Iteration 2: Back to the drawing board!

Step 1: Identify and analyse the problem

The first iteration did not deliver the expected results. However, this did not deter us to continue our search for a suitable solution. The earlier results showed that the time resolution was overlooked as an important factor in the solution. Furthermore, new skills were built up during the development of the first experiment. The accelerometer gives useful data at a reliable output rate. This can be combined with an orientation vector obtained from the built-in gyroscope and magnetometer, to give directional acceleration. 

We expect the acceleration pattern to be different for different modes of transportation and within each mode of transportation it will be different for each state. Standstill at a platform will have a walking acceleration pattern, while driving will have a superposition of the walking acceleration pattern and the train in motion. Based on successful work that we at Flow Pilots were doing at the time,we made the choice to focus on using a Naïve Bayes algorithm to do the pattern detection. The Naïve Bayes algorithm is a supervised learning algorithm that results in a probabilistic classifier. The goal is to give a prediction of standstill and driving based on differences in the measured properties.

Step 2: Form a hypothesis

Based on the initial research of the second iteration problem, the following hypothesis was made:

“Naïve Bayes classifier can be used to differentiate between walking acceleration pattern and its super position with a train in motion acceleration pattern.”

Step 3: Conduct experiments to test the hypothesis

Again, an application was built to gather data that was labelled with the correct state. Afterwards we started training the Naïve Base classifier based on different features of the gathered data. This included the maximum, the minimum, the mean, the norm, the standard deviation over a certain time window, the distance to the platform, and the minimal required velocity to reach the platform within a certain time window.

Step 4: Analyse Data

Several different classifiers were trained and were tested, and confusion matrices were generated for all of them. The confusion matrices give an indication how often the prediction matched reality, and how often it labelled the data incorrectly. For the below confusion matrix, you can see that driving is identified correctly 94% of the time. However, for standstill this is only 48% of the time, the other 52% of the time standstill is labelled as driving by the Naïve Bayes classifier.

Step 5: Conclude on the results

Based on all the confusion matrices that were generated, it is safe to say that the trained Naïve Bayes classifiers lack the accuracy required for our problem. The features that were used had a large overlap and the classifiers were not able to differentiate between standstill and driving. However, while looking at the data we noticed that the classifiers were not able to pinpoint the transient nature of arrival and departure, but there might be a way to determine that.

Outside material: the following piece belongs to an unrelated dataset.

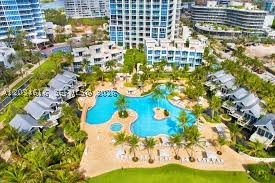CONTINUUM ON SOUTH BEACH - Residential Lease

Iteration 3:  It is all about the change

Step 1: Identify and analyse the problem

From the two previous experiments the conclusions were that the velocity and position alone missed a good time resolution, and that probabilistic models tend to miss the transient nature of arrival and departure. With the lead on the transient nature of the problem it becomes even more clear that it is not the properties, such as velocity or position that are interesting, but it is the acceleration. Arrival can be defined as a deceleration followed by a period of no acceleration, while departure is acceleration preceded by a period of no acceleration.

Step 2: Form a hypothesis

The following hypothesis was provided:

“It is possible to use the transient nature of arrival and departure at a platform to detect the arrival and departure with a good time resolution and good accuracy.”

 

Step 3: Conduct experiments to test the hypothesis

As the focus of the hypothesis is the use of the accelerometer data to determine the arrival and departure, the data from the previous iteration was used. As we stumbled into a completely new field of research the goal of the experiment itself was building an algorithm for signal analysis which allows to classify arrival and departure.

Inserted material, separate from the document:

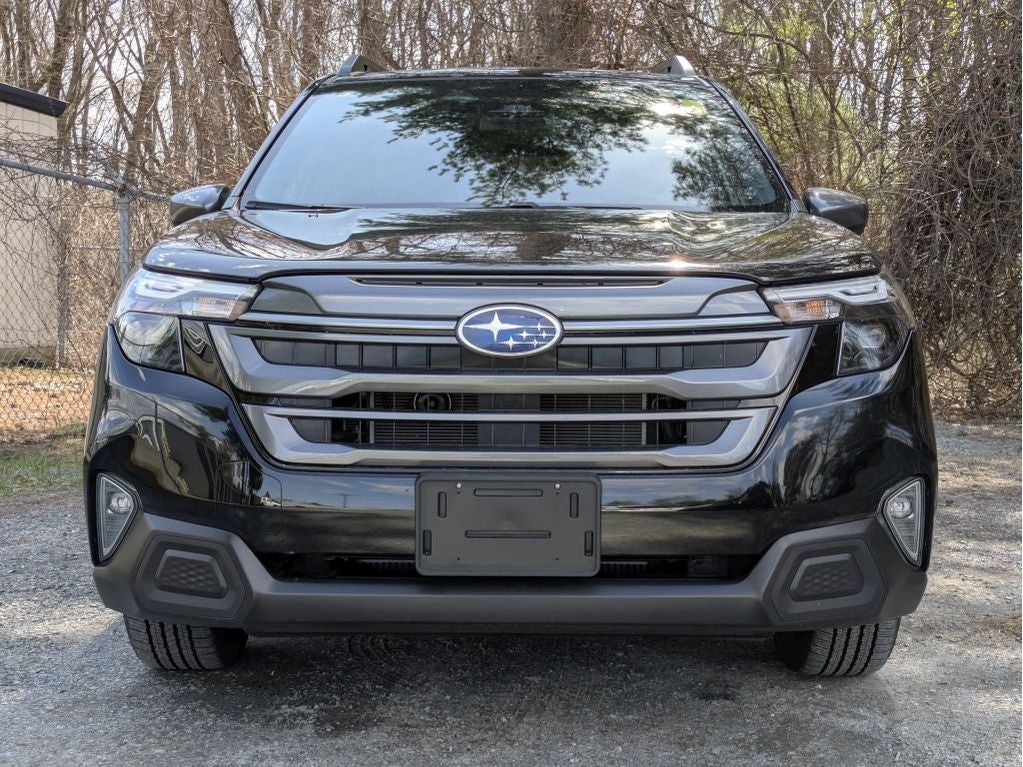 2025 Subaru Forester Hybrid Premium Hybrid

In the following steps multiple graphs are added. The red background indicates that the train was at the platform, green indicates that it was in motion. 

Step a: Look at the data

What can we see? What is there? Do we notice any patterns that can help tell a computer program what to classify as what?

Below you see a graph of the Y-channel of the accelerometer. We decided to start with not projecting the acceleration to the real-world axis, so that it could be used as raw as possible and reduce the required computing power. 

There wasn’t much to tell our program with this data, it looks mostly random.

Step b: Perform data manipulations to improve the clarity

We know that the velocity while driving and at stand still can be considered as constant. While as we mentioned before Arrival can be defined as a deceleration followed by a period of no acceleration, while departure is acceleration preceded by a period of no acceleration. Thus, the velocity is no longer constant at arrival and departure at a platform.

If the acceleration is accumulated over the complete timeframe the below graph is obtained. It will show the same trend as the velocity due to the characteristics of the measurements. At arrival and departure one can see changes in the gradient of the curve. That is something that can be used to tell the program what is happening in the real world. However, it will still require more signal processing.

Step c: calculate the gradient

As taking the gradient from the cumulative curve would result in the original data due to the way the above curve was calculated. Therefore, extra data manipulation is done. The cumulative curve is smoothened out using a moving average over a period of 1 second. On a macroscopic level the curve looks exactly the same as above, but the noise of the data is smoothened out. Taking the gradient now results in the following graph (All three channels are added for completeness)

Step d: clean up the data

The current data is still very noisy and very difficult to let a program interpret. At the standstill regions (red region) it can already be seen that there is very little acceleration, while in the driving area of the graph large fluctuations are seen. This contradicts the believe of constant velocity when in motion, this is due to the vibration and acceleration and deceleration of the train during movement. This conclusion actually improves the probability of finding a working solution, due to the difference between the two states, and not only the transition between standstill and driving.

To clean up the data a high pass filter is used to remove the drift (green and blue curve not centered around 0) and electronic noise (constant frequency in the green curve) This gives following results:

Step e: Ignore sign of the acceleration

As we are not interested in the directionality of the acceleration, the knowledge about the sign and the channels can be removed by taking the absolute value and summing the 3 channels together. To reduce the effect of the noise in the data that is still present, a cut-off is applied. This means, when the acceleration is not significant enough, it can be ignored.

 

With this data, it becomes easy to write a very simple algorithm to determine the arrival and departure. Again, as mentioned before arrival can be defined as a deceleration followed by a period of no acceleration, while departure is acceleration preceded by a period of no acceleration. This is clearly visible in the graph. Applying some simple rules gives us the final result. In the below curve +1 stands for departure, -1 for arrival at the platform.

Step 4: Analyse Data

The analysis of the data was of course mainly done during the experiment. However, we tested our algorithm against data that was not used to build up the algorithm. There are clearly some false positives, but no false negatives were found which makes optimizing this data much easier. You cannot create data from nothing, but you can combine the measurements with aGPS data to filter out the false positives.

Step 5: Conclude on the results

The algorithm that was developed in this iteration of the scientific method, proved our last hypothesis.

“It is possible to use the transient nature of arrival and departure at a platform to detect the arrival and departure with a good time resolution and good accuracy.”

It can be used to solve the client’s problem. The results have a very good accuracy and truly match the time resolution requirement.

In this part of the blog post, we have described the complete process we went through to come up with a solution for a highly complex problem. By taking the necessary steps, iterating through them multiple times, taking new learned truths with you, and discarding assumed knowledge it was possible to come up with a reliable solution.

The combination of known mathematics with GPS data can truly detect arrival and departure at a platform using only a smartphone and with a time resolution of less than 1 second.